▶ [Given data]
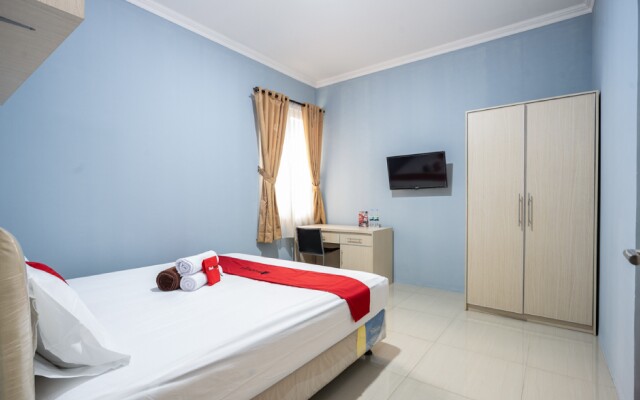 RedDoorz Plus near Siloam Karawaci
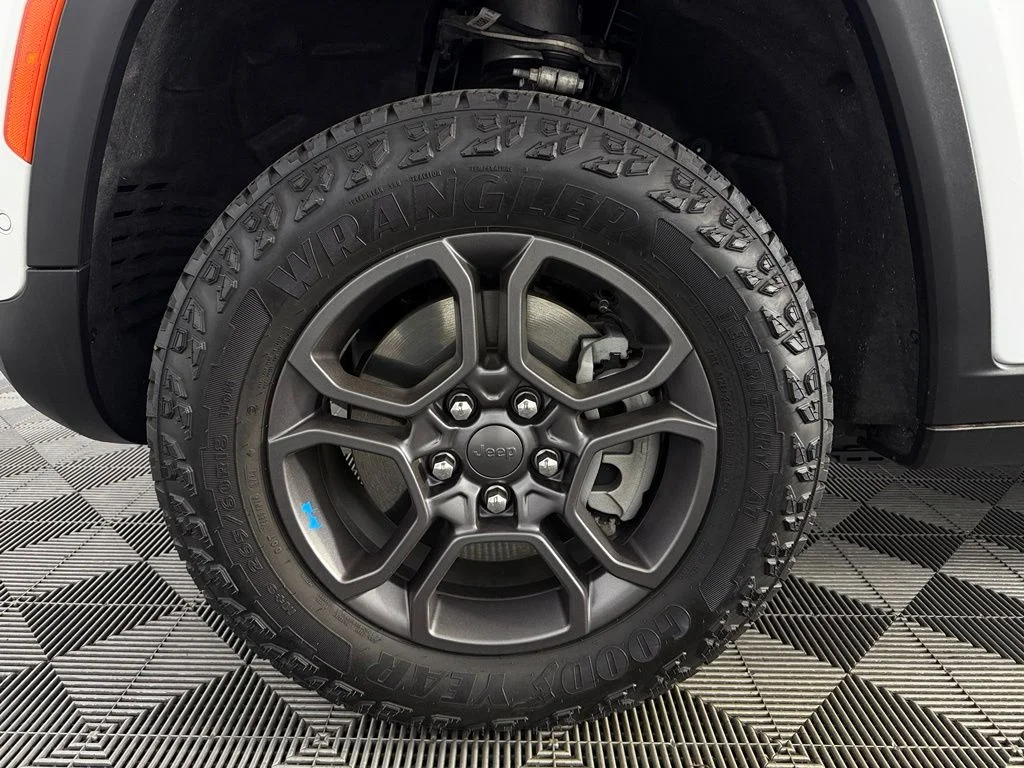 Used 2025 White Jeep Trailhawk 4xe image 11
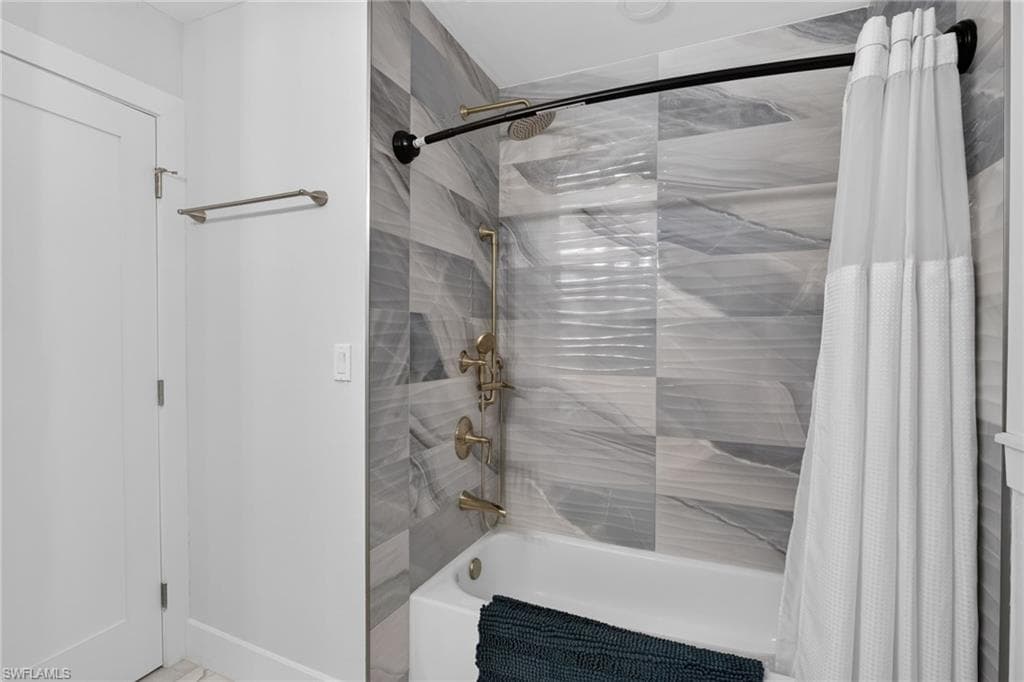 226 1st ST-22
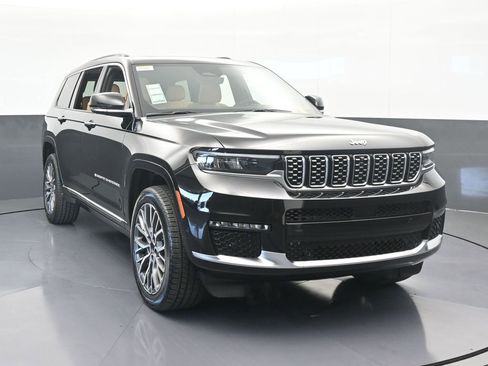New 2025 Jeep Grand Cherokee L Summit image 9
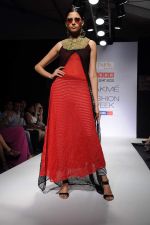 Model walk the ramp for talent box patola show at LFW 2012 Day 4 in Grand Hyatt on 6th Aug 2012 (29681156).JPG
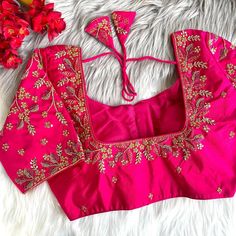 Price__1050 free shipping 

Blouse Design *RAJESHREE*

Blouse has jari ,thread ,ton to ton beads handwork and khatli hand work

Blouse material heavy banarasi silk

Blouse has froent open paterrn

Blouse size making 38

Alterupto *40*

BEAUTIFUL HANDWORK LATKAN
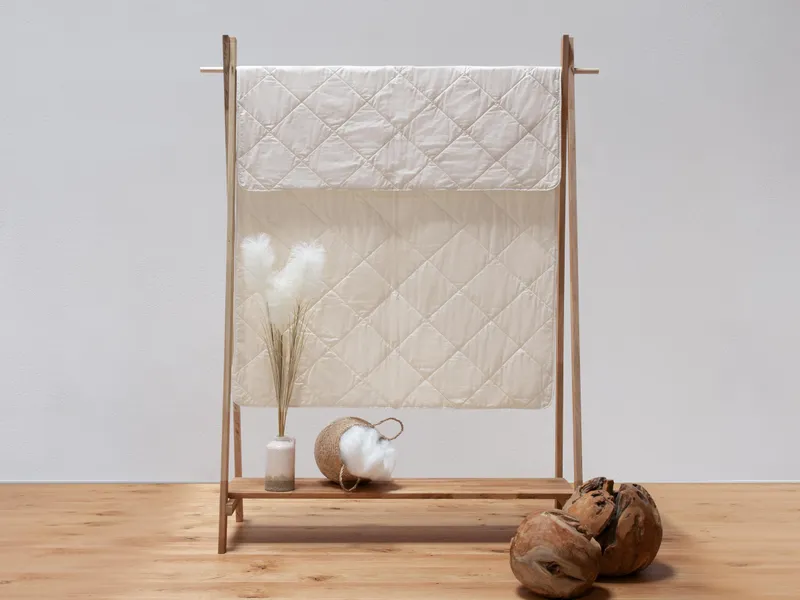 allnatura allnatura Lyocell-Ultraleicht-Bettdecke "Lyovita" | 240x220 cm, Weiß, – Produktbild 2 von 2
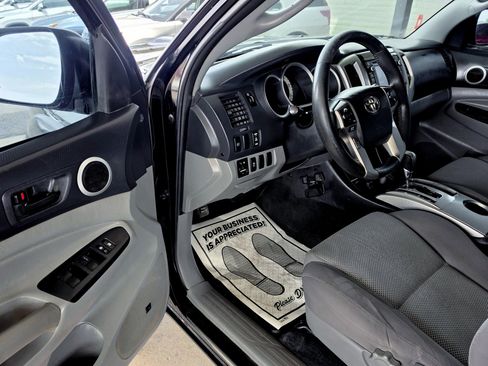 Used 2015 Toyota Tacoma PreRunner w/ TRD Sport Package image 14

▶ [Task to complete]
Print the records above verbatim, pictures excluded.

▶ [Response for this exercise]
 RedDoorz Plus near Siloam Karawaci
 Used 2025 White Jeep Trailhawk 4xe image 11
 226 1st ST-22
New 2025 Jeep Grand Cherokee L Summit image 9
 Model walk the ramp for talent box patola show at LFW 2012 Day 4 in Grand Hyatt on 6th Aug 2012 (29681156).JPG
 Price__1050 free shipping 

Blouse Design *RAJESHREE*

Blouse has jari ,thread ,ton to ton beads handwork and khatli hand work

Blouse material heavy banarasi silk

Blouse has froent open paterrn

Blouse size making 38

Alterupto *40*

BEAUTIFUL HANDWORK LATKAN
 allnatura allnatura Lyocell-Ultraleicht-Bettdecke "Lyovita" | 240x220 cm, Weiß, – Produktbild 2 von 2
 Used 2015 Toyota Tacoma PreRunner w/ TRD Sport Package image 14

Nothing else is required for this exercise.